We immediately start the journey of the four siblings (Simon, Klara, Daniel and Varya) in the late 1960s with Klara and Simon’s stories. Simon is the youngest and only 16 when his life takes a drastic change. He and Klara have moved to San Francisco where their lives take very different paths. Simon came across as quite a lost soul and out of the 4 he was my least favorite character. (Side note: Varya was my favorite) One of the huge positives for me about this book was the author’s ability to bring each and every character to life. They were SO vivid and each was so well developed even though many were only briefly in the story. The authenticity of the characters and the flow of the narrative kept me reading through the first 35% when I wasn’t sure if this would get above a 3 star rating for me. Long story short…it did! I think my struggle with the beginning was not connecting with Simon’s character all that much.

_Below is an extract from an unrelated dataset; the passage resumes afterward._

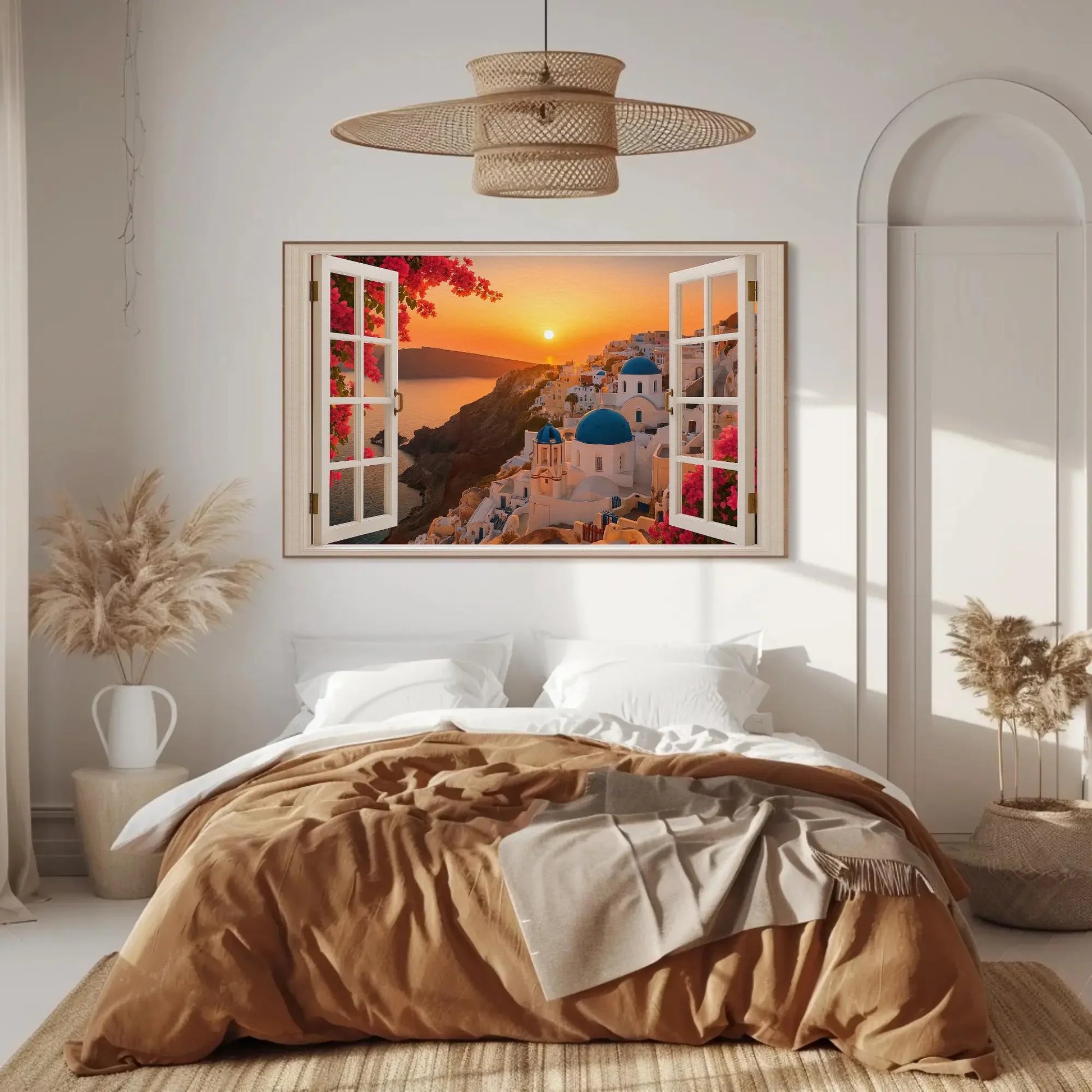 Santorini sunset open window view canvas wall art print of Greek domes and sea for romantic travel inspired decor or coastal room design Wall Art – Canvas Print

I was so invested and immersed in the remainder of the story that I flew through it in one sitting. I had to find out if the psychic’s predictions were true and if so how would these characters I had come to like and care for die? I will be honest and say I found a particular resolution with Daniel way too convenient and not in alignment with what I felt I knew about his character. A minor issue. Overall, I thought this was a wonderful story about fate, living life to the fullest, and living it authentically. I never highlight in my kindle but there were many sentences toward the end that stopped me in my tracks and I knew I wanted to remember those thoughts. To me, that’s a sign of excellent writing. I really enjoyed this story and I can’t wait for Chloe Benjamin’s next novel.